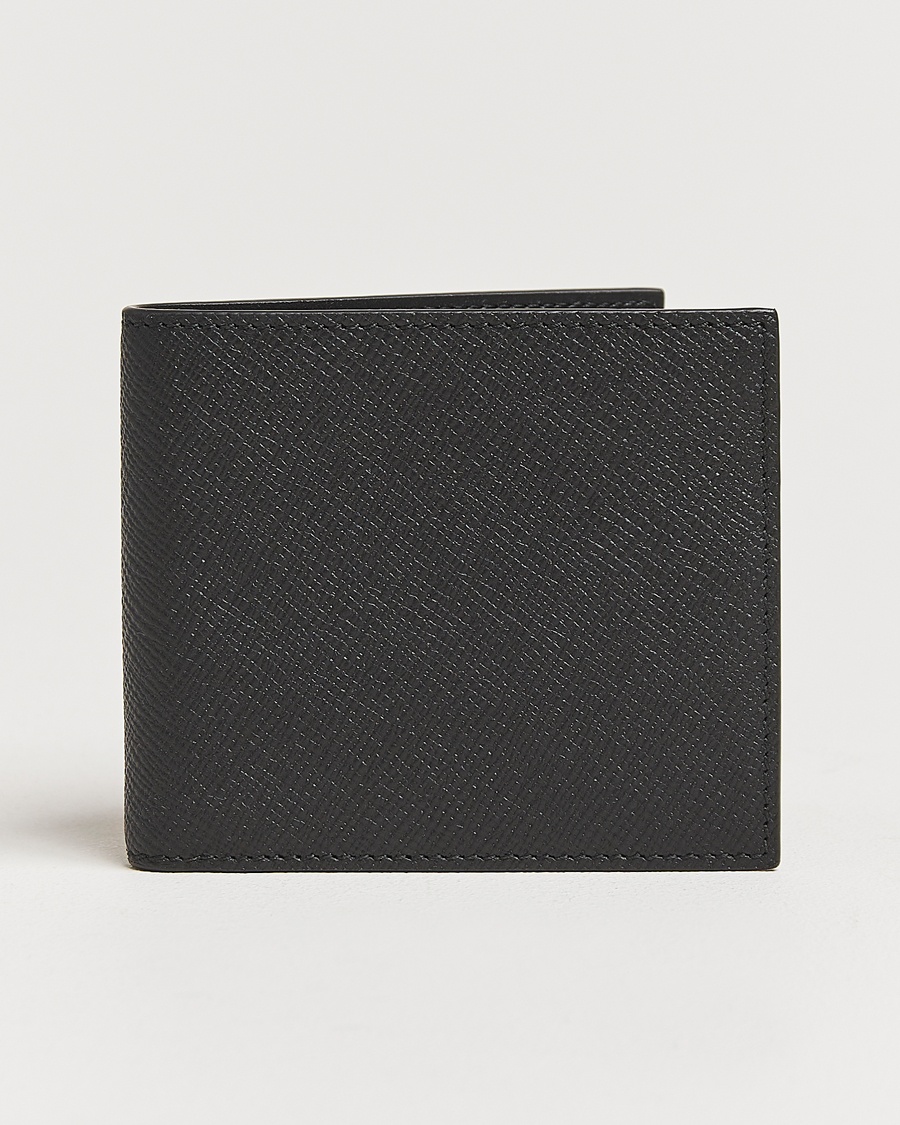 Smythson Panama 6 Card Leather Wallet Black – Nero
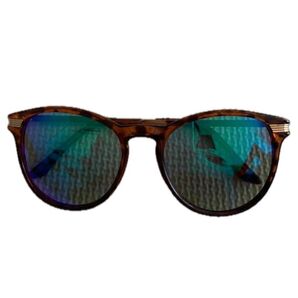 美品 H&M エイチアンドエム レオパード サングラス 色付き メガネ レディース 夏 青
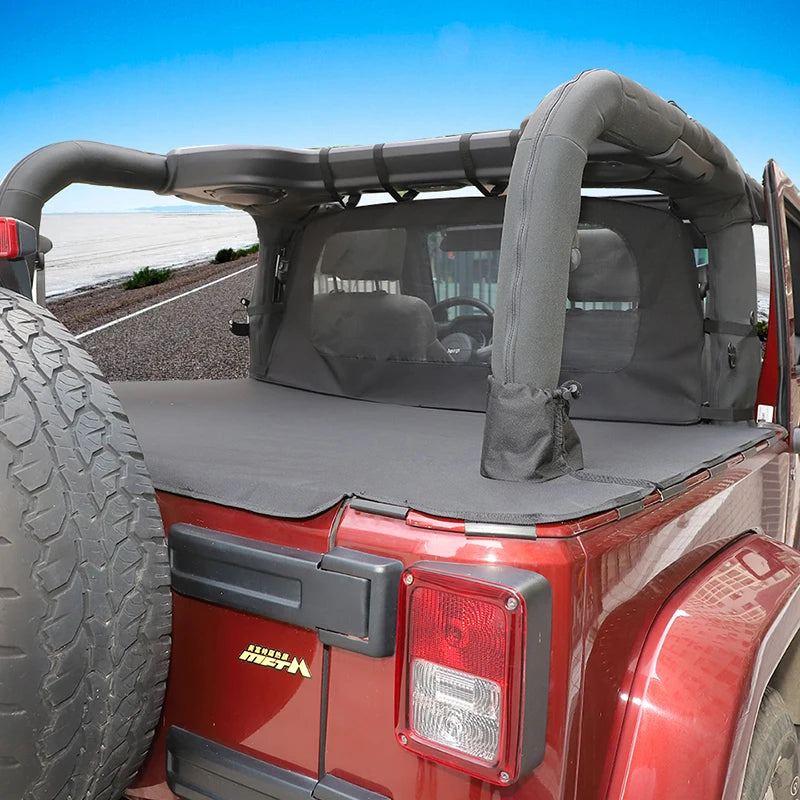 BAWA Rear Seat Separation Mesh/Trunk Cloth Separation for Jeep Wrangler JK 2door 2007-2017 Pet Isolation Net Accessories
===============
- **YOUR OBJECTIVE**:
Leaving every picture out, please copy exactly the lines from the one holding "美品 H&M エイチアンドエム" through the last line of the listing, both ends included.

- **EXPECTED ANSWER**:
 美品 H&M エイチアンドエム レオパード サングラス 色付き メガネ レディース 夏 青
 BAWA Rear Seat Separation Mesh/Trunk Cloth Separation for Jeep Wrangler JK 2door 2007-2017 Pet Isolation Net Accessories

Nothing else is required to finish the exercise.